A 30ª fase, denominada Vício, foi deflagrada ontem, com 25 mandados de busca e apreensão, nove conduções coercitivas cumpridas e a prisão preventiva de Eduardo Aparecido de Meira e Flavio Henrique de Oliveira Macedo.
Eles são sócios da Credencial Construtora Empreendimento e Representações, uma empresa de fachada, segundo os investigadores, que era usada para intermediar parte do pagamento de propinas.
A principal vertente da operação desta terça-feira envolve principalmente duas empresas fornecedoras de tubulações para a Petrobras, Confab Industrial e Apolo Tubulars, que juntas obtiveram contratos de R$ 5 bilhões com a estatal.
A força-tarefa apura um total aproximado de propina de R$ 40 milhões, incluindo parte do valor convertido de dólares, pagos a Dirceu e à Diretoria de Serviços da Petrobras, que era comandada por Renato Duque.

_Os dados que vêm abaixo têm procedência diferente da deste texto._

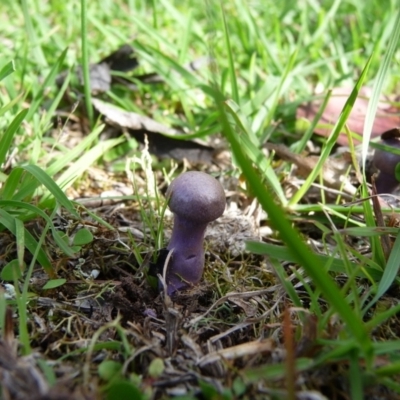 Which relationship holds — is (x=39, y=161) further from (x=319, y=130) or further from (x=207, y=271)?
(x=319, y=130)

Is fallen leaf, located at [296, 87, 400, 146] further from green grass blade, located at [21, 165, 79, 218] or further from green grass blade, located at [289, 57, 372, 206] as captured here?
green grass blade, located at [21, 165, 79, 218]

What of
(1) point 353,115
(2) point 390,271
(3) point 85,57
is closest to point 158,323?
(2) point 390,271

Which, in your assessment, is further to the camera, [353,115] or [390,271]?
[353,115]

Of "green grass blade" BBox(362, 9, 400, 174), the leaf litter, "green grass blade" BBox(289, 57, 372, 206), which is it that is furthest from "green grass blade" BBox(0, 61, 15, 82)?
"green grass blade" BBox(362, 9, 400, 174)

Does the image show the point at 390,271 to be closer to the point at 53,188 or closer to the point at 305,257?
the point at 305,257

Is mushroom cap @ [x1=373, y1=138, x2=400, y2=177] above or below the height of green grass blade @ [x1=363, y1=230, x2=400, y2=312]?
above

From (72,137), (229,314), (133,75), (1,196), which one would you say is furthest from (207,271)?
(133,75) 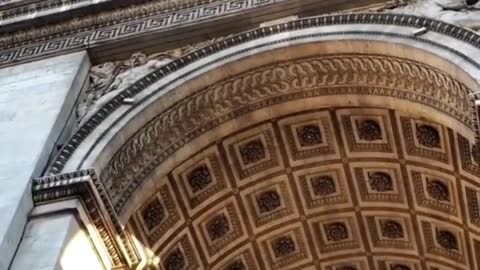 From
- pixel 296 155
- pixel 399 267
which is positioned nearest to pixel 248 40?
pixel 296 155

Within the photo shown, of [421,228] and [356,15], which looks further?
[421,228]

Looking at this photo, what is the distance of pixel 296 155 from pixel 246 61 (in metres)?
1.73

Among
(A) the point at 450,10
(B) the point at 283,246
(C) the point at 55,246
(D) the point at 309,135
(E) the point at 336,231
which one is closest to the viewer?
(C) the point at 55,246

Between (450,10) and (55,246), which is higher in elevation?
(450,10)

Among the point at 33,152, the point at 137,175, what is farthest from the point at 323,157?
the point at 33,152

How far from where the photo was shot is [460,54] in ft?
37.1

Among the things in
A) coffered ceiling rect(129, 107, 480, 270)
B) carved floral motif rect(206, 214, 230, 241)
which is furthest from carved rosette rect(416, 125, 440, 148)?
carved floral motif rect(206, 214, 230, 241)

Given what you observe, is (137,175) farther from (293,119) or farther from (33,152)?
(293,119)

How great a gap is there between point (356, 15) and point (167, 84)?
282cm

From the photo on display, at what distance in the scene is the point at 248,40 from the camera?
513 inches

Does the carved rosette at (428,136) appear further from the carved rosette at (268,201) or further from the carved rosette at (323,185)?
the carved rosette at (268,201)

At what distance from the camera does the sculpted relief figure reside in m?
11.9

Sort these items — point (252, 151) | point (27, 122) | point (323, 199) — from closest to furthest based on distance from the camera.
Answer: point (27, 122)
point (252, 151)
point (323, 199)

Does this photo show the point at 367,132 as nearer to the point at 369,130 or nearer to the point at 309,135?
the point at 369,130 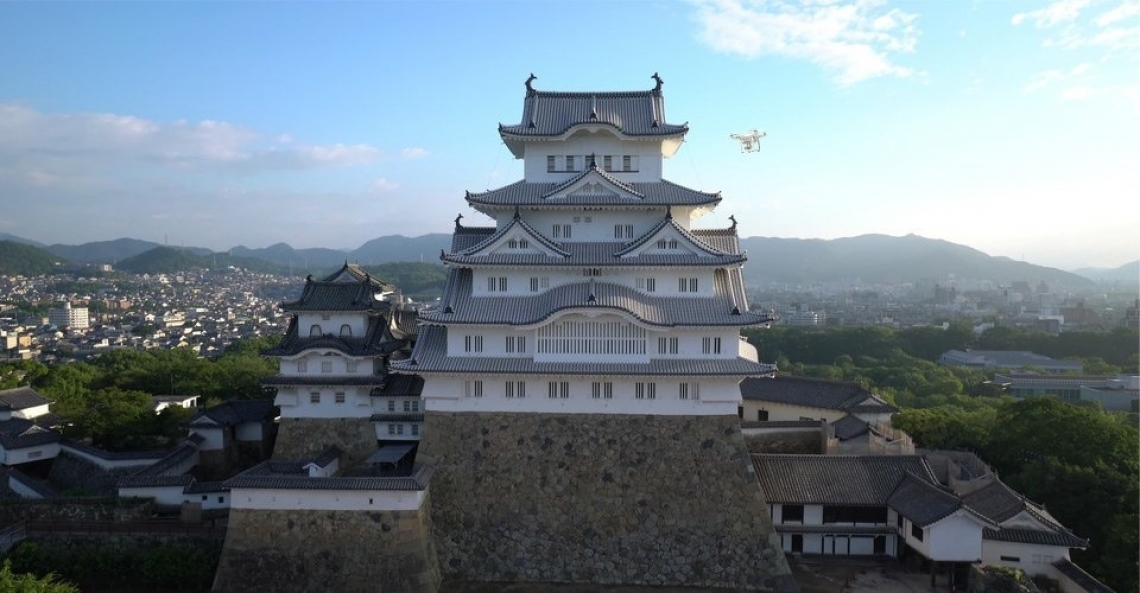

A indicação de Duque ao cargo partiu do ex-ministro, segundo delatores da Lava Jato, o que o petista sempre negou em seus depoimentos.
Segundo o procurador Roberson Pozzobon, os pagamentos de propinas ocorreram pela Apolo e Confab “como forma de retribuição” aos envolvidos no esquema em razão da aquisição de contratos para a Petrobras.